EXTRACTED DATA:

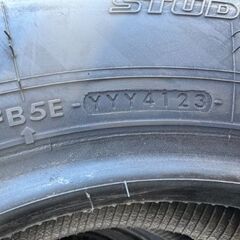 スタッドレスタイヤ6本セット 205/75R16 ヨコハマアイスガードの画像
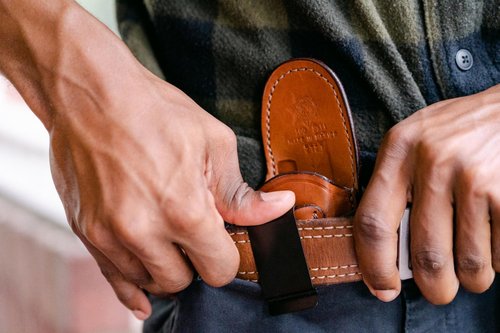 Bianchi Gun Leather #100 Professional IWB, Tan, Right Hand, SZ10A, Beretta Nano, Glock 26, 27, 43, Springfield XDS, Taurus PT-111, PT-140, PT-145 & Walther PPS (19232)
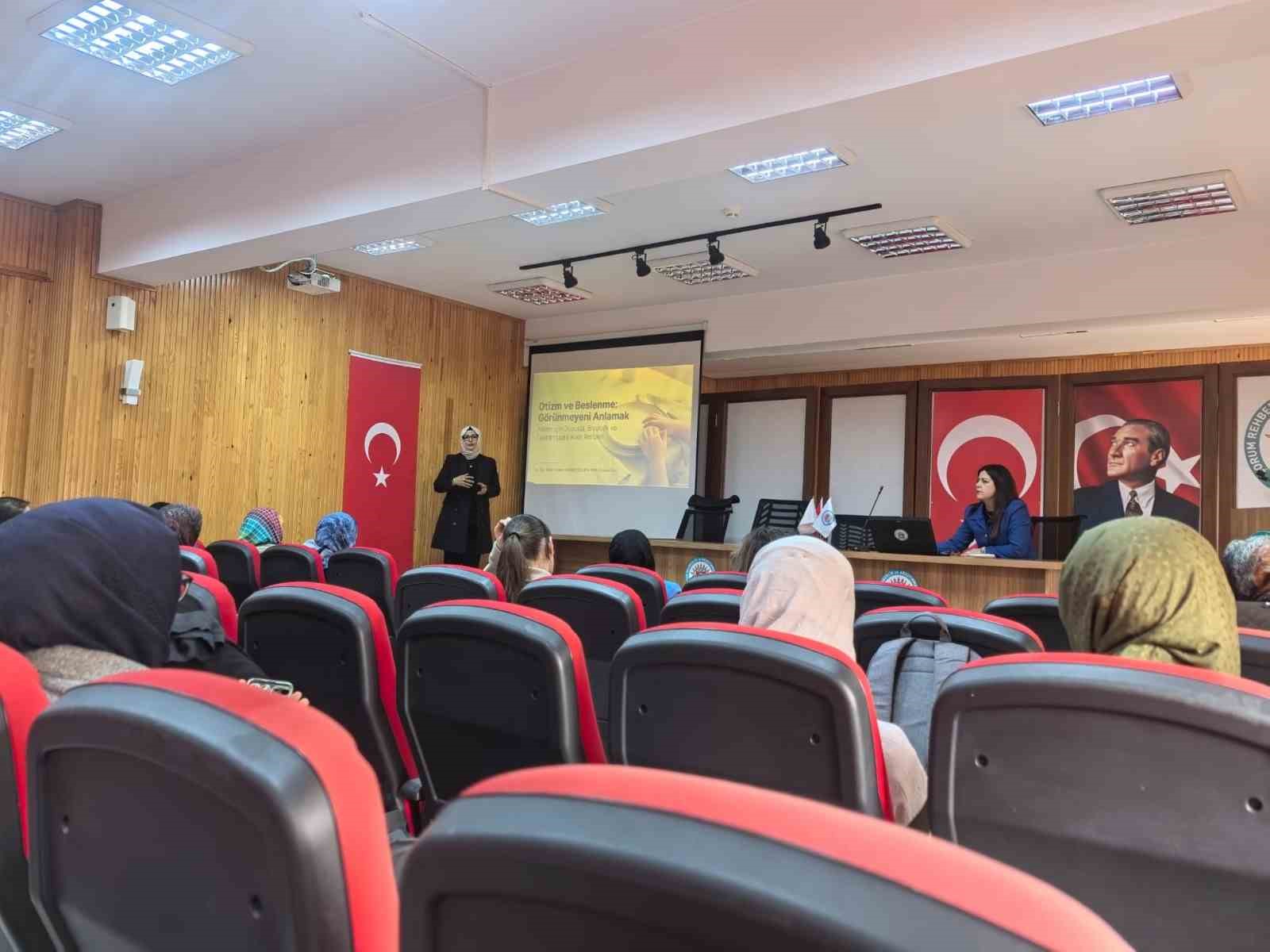 Hitit &Uuml;niversitesi Bilim Kafe&rsquo;de otizm ve beslenme konuşuldu
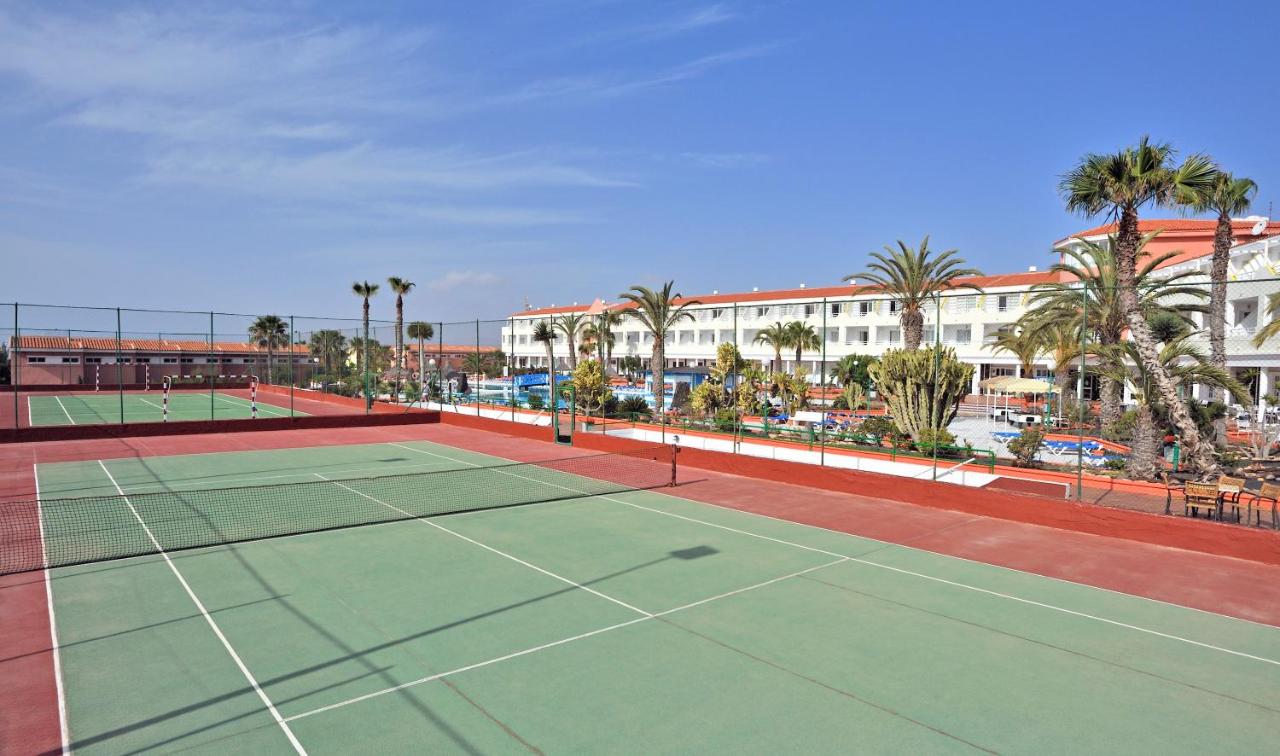 Tennis court: Globales Costa Tropical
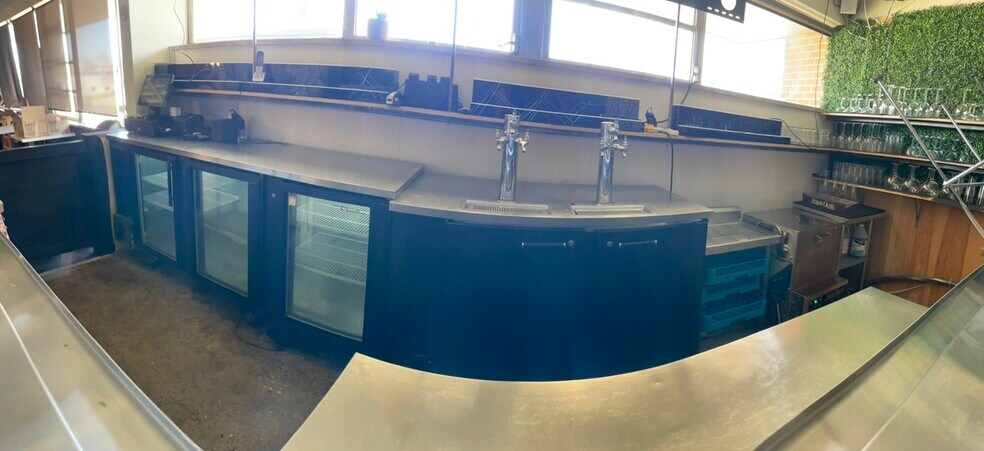 More Photos Of 616 NW 5th St, Oklahoma City Restaurant For Lease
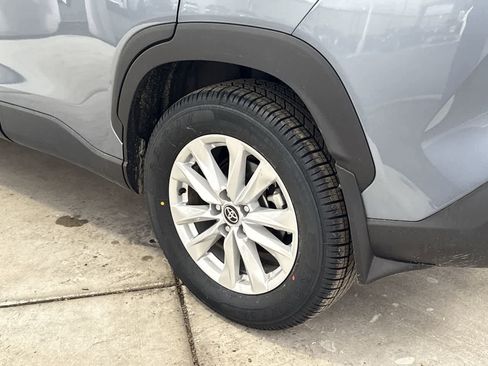 Used 2023 Toyota Corolla Cross LE image 8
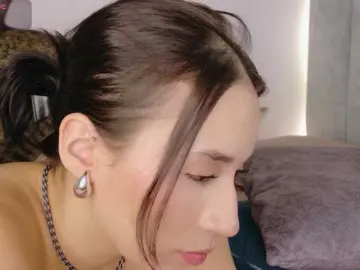 Manumontoya  live sex cam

WHAT TO WORK ON: With pictures omitted, restate word for word every line above from the one containing "Used 2023 Toyota Corolla Cross LE image 8" to the end of the entries.

ANSWER FOR THE TASK:
 Used 2023 Toyota Corolla Cross LE image 8
 Manumontoya  live sex cam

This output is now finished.